------ Data excerpt ------
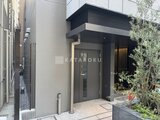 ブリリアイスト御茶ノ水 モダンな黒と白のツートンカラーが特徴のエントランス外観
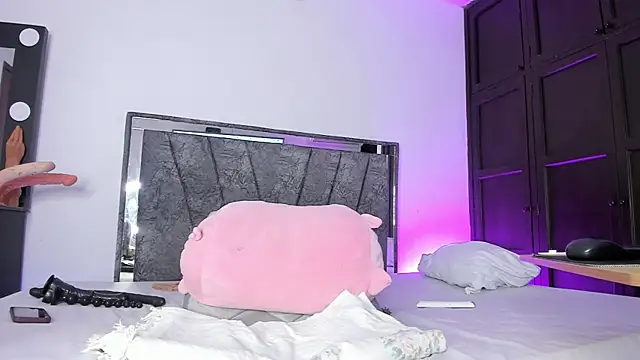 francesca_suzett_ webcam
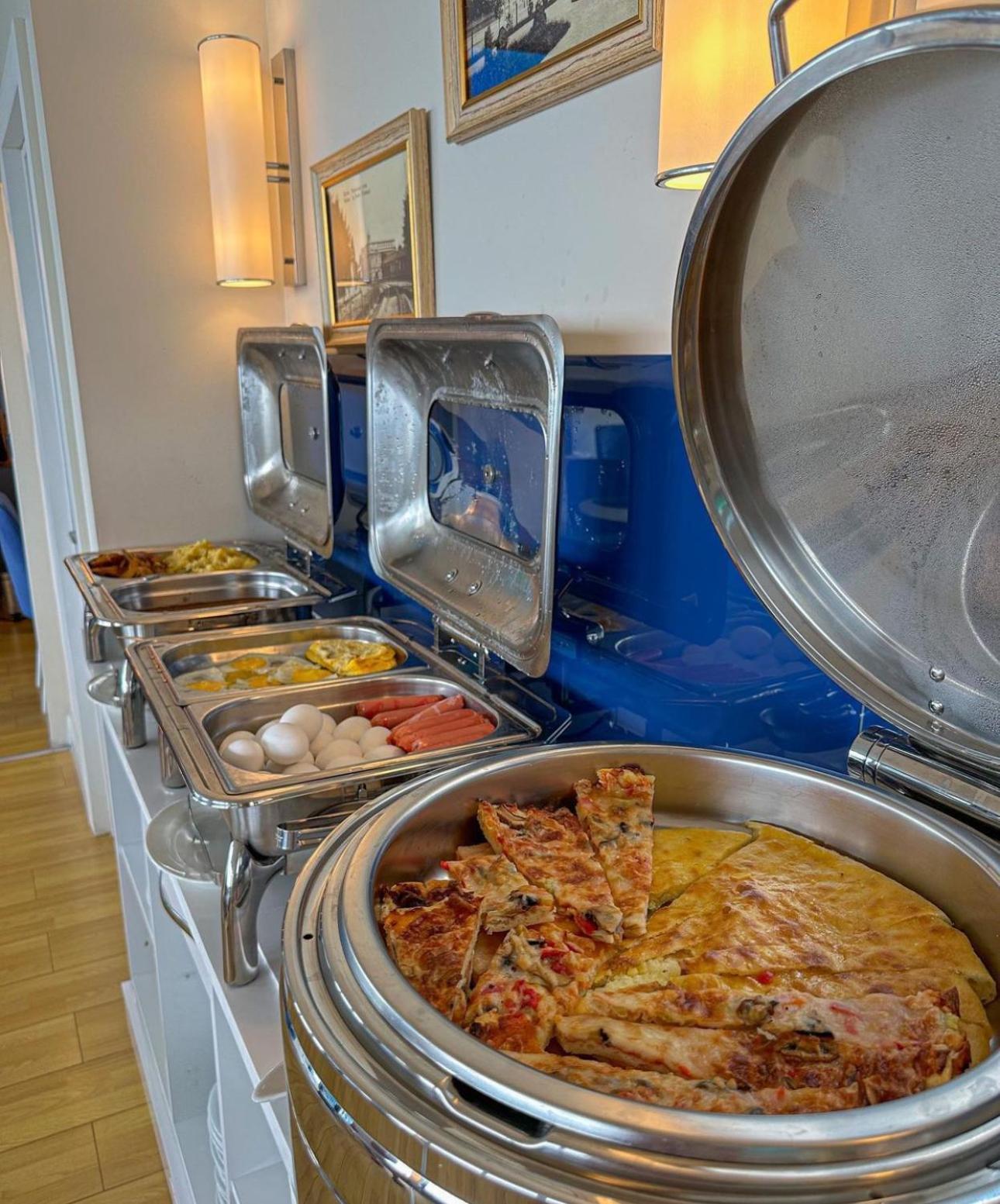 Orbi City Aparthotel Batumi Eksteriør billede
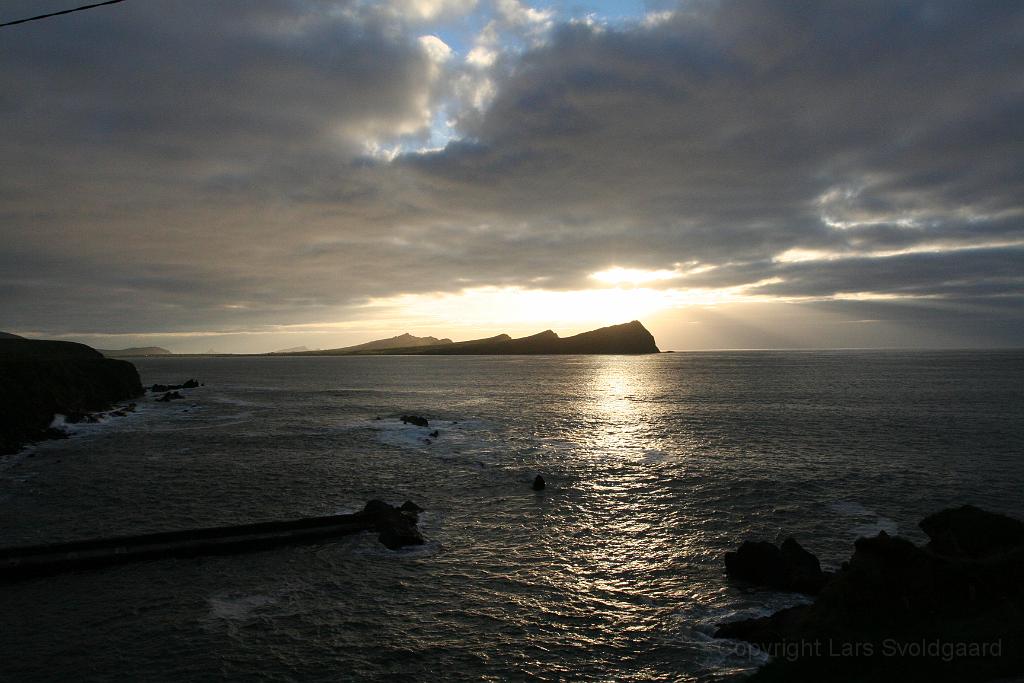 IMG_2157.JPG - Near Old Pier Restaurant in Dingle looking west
------
• _What to work on_
Copy out the lines above unchanged. Skip the images.

• _Expected answer_
 ブリリアイスト御茶ノ水 モダンな黒と白のツートンカラーが特徴のエントランス外観
 francesca_suzett_ webcam
 Orbi City Aparthotel Batumi Eksteriør billede
 IMG_2157.JPG - Near Old Pier Restaurant in Dingle looking west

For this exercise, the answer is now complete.